• **How to complete this task**
Write out nothing but the lines from the one containing "KALLORY Allory 6Pcs" through the last line below, both included, and without the pictures.

• **Given material**

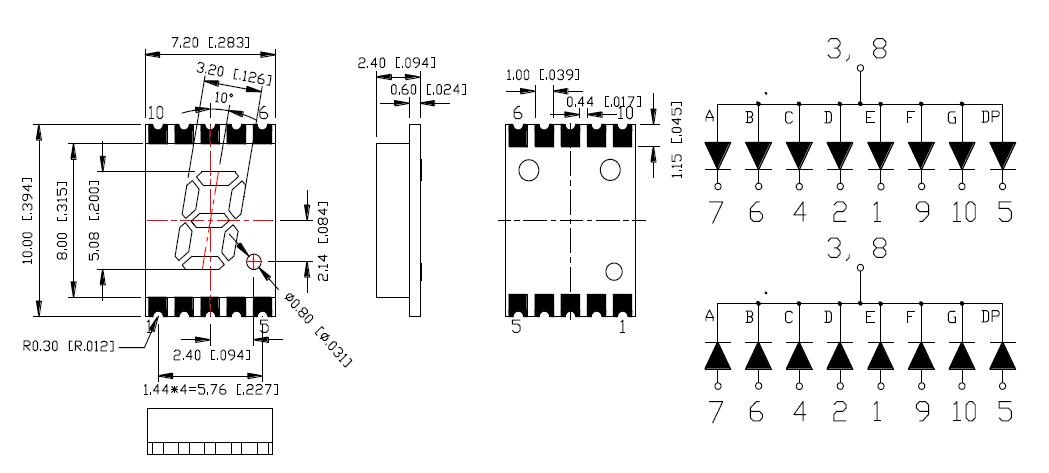 0.2 インチ 1 桁 7 セグメント超薄型 SMD ディスプレイ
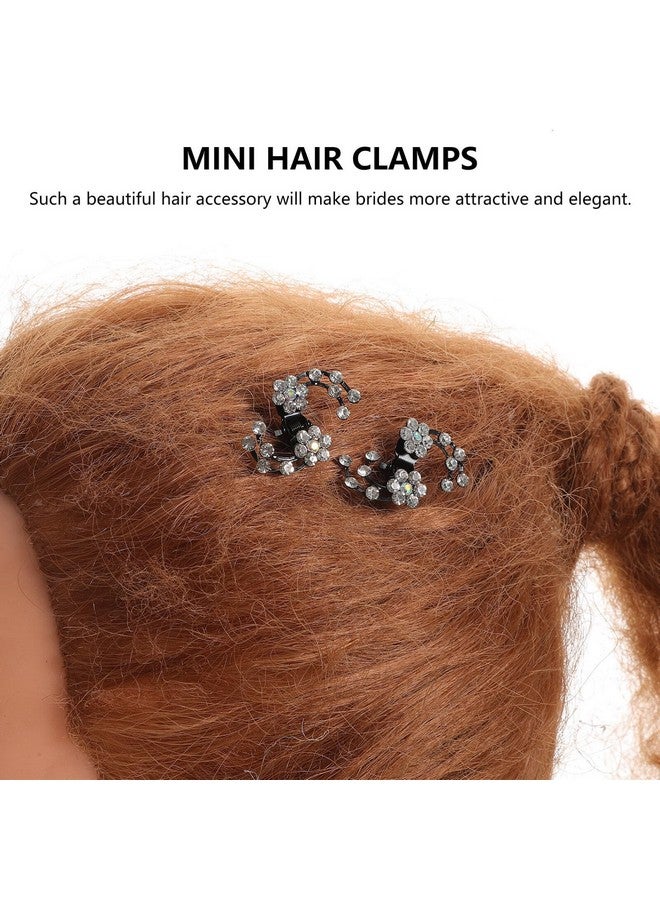 KALLORY Allory 6Pcs Vintage Flower Hair Claw Clips Rhinestone Hair Jaw Clips Mini Hair Clamps For Bride Bridesmaids (White) - Image 5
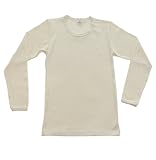 Children's Organic Wool Underwear Shirt with Long Sleeves, Natural White , size 116/6 yr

• **Task output**
 KALLORY Allory 6Pcs Vintage Flower Hair Claw Clips Rhinestone Hair Jaw Clips Mini Hair Clamps For Bride Bridesmaids (White) - Image 5
 Children's Organic Wool Underwear Shirt with Long Sleeves, Natural White , size 116/6 yr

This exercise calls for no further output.